Your answer should be only the lines below from the one with "NEW WHITE TAGS" to the one with "Collar Con Colgante", repeated exactly, ends included.

***** RECORDS PROVIDED

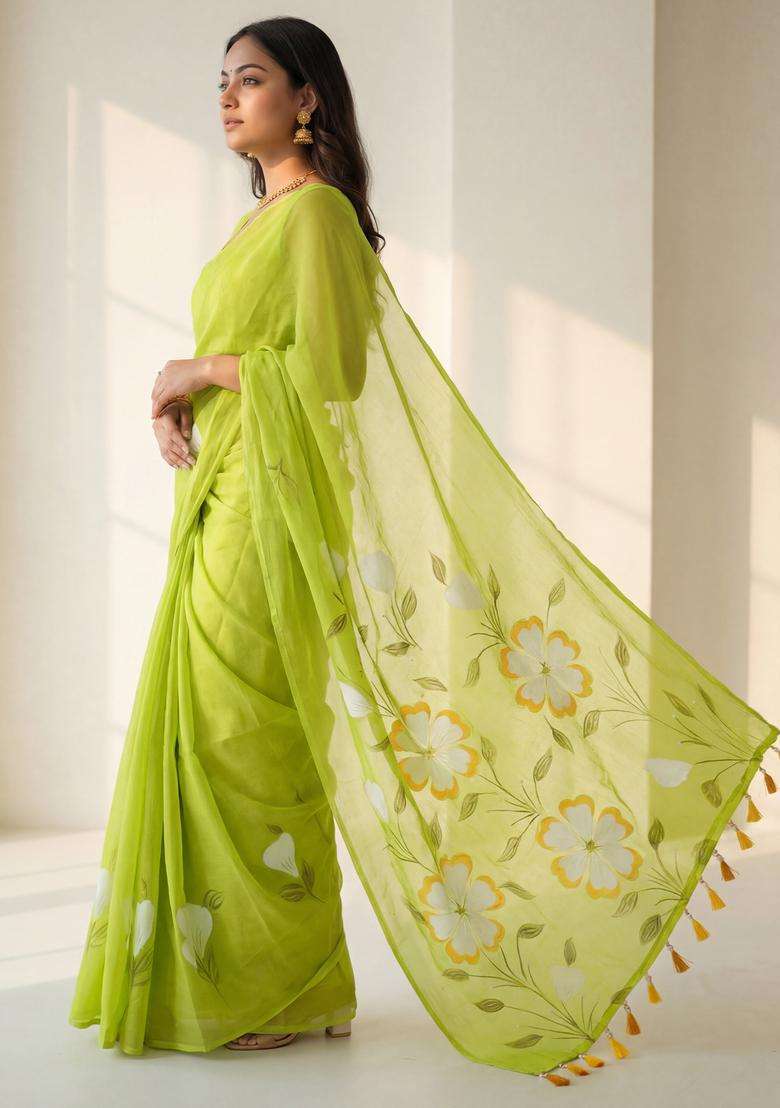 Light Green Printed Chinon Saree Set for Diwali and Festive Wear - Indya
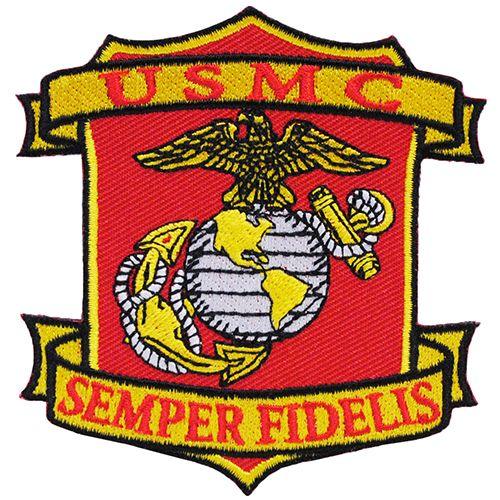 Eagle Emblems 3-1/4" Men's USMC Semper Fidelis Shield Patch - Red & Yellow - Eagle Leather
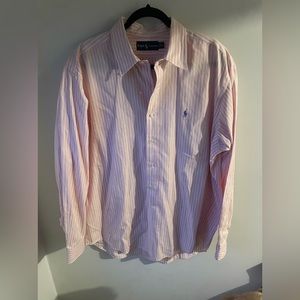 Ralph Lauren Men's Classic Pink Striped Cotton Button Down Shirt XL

**********
***** RECORDS PROVIDED

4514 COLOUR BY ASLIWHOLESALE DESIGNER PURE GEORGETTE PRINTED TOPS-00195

**********
***** RECORDS PROVIDED

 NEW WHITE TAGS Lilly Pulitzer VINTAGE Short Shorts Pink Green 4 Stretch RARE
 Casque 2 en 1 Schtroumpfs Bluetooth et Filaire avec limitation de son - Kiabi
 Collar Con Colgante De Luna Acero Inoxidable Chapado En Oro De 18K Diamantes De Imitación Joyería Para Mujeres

**********

ANSWER TO THIS TASK
 NEW WHITE TAGS Lilly Pulitzer VINTAGE Short Shorts Pink Green 4 Stretch RARE
 Casque 2 en 1 Schtroumpfs Bluetooth et Filaire avec limitation de son - Kiabi
 Collar Con Colgante De Luna Acero Inoxidable Chapado En Oro De 18K Diamantes De Imitación Joyería Para Mujeres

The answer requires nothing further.